[EXTRACTED ENTRIES Boundary: Start]

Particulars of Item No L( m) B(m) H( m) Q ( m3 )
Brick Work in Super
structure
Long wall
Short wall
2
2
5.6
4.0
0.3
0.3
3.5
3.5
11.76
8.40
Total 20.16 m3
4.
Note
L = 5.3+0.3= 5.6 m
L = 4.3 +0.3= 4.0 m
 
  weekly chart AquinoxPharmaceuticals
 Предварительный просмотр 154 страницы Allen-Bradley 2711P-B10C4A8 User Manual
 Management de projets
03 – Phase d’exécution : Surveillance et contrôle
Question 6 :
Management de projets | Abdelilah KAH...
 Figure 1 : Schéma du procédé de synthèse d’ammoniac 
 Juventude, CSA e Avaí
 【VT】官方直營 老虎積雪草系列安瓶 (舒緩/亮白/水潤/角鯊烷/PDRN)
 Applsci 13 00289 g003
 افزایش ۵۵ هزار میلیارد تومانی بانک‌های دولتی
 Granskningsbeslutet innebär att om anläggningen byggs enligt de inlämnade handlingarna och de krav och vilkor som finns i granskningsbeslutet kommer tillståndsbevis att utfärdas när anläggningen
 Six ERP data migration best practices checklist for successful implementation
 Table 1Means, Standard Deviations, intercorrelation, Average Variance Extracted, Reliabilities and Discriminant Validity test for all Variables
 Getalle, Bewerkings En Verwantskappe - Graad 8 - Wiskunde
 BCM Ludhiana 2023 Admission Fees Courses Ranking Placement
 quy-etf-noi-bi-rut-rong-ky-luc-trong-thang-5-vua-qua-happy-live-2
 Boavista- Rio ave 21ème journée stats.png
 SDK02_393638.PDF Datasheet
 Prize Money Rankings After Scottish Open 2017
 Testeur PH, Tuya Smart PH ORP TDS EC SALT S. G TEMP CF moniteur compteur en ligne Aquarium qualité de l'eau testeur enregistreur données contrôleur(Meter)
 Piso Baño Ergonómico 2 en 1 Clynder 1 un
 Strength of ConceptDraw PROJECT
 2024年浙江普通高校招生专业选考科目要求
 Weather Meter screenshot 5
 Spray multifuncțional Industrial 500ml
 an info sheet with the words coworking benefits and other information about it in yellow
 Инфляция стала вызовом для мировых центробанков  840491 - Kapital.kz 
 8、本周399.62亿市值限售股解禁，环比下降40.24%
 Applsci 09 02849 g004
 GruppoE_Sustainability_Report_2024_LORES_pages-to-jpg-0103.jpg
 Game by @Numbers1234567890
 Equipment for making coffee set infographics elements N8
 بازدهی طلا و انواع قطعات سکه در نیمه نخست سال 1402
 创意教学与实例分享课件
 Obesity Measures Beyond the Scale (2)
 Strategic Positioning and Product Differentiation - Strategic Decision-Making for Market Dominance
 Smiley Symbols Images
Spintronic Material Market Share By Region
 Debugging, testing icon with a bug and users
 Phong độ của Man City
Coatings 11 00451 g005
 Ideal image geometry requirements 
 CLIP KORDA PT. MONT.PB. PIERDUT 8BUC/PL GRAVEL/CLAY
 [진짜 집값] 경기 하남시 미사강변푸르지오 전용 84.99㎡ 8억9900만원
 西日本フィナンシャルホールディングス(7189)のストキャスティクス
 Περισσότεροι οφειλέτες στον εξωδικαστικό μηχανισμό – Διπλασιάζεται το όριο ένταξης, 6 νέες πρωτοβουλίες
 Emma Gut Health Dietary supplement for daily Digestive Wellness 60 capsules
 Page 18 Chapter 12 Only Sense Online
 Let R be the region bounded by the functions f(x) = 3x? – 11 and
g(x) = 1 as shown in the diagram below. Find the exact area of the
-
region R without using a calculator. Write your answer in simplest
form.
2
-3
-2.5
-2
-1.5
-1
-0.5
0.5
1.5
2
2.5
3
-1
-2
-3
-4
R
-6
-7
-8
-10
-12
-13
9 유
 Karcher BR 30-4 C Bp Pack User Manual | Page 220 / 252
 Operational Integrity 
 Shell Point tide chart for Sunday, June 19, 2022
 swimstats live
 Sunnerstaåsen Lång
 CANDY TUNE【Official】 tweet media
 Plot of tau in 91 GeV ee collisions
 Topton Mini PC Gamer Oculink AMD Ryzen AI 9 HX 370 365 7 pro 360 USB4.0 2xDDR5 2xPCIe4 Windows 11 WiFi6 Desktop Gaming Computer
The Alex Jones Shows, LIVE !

[EXTRACTED ENTRIES Boundary: End]

THE TASK » Return each line of the data that contains the string "Meter".

EXPECTED ANSWER »
 Testeur PH, Tuya Smart PH ORP TDS EC SALT S. G TEMP CF moniteur compteur en ligne Aquarium qualité de l'eau testeur enregistreur données contrôleur(Meter)
 Weather Meter screenshot 5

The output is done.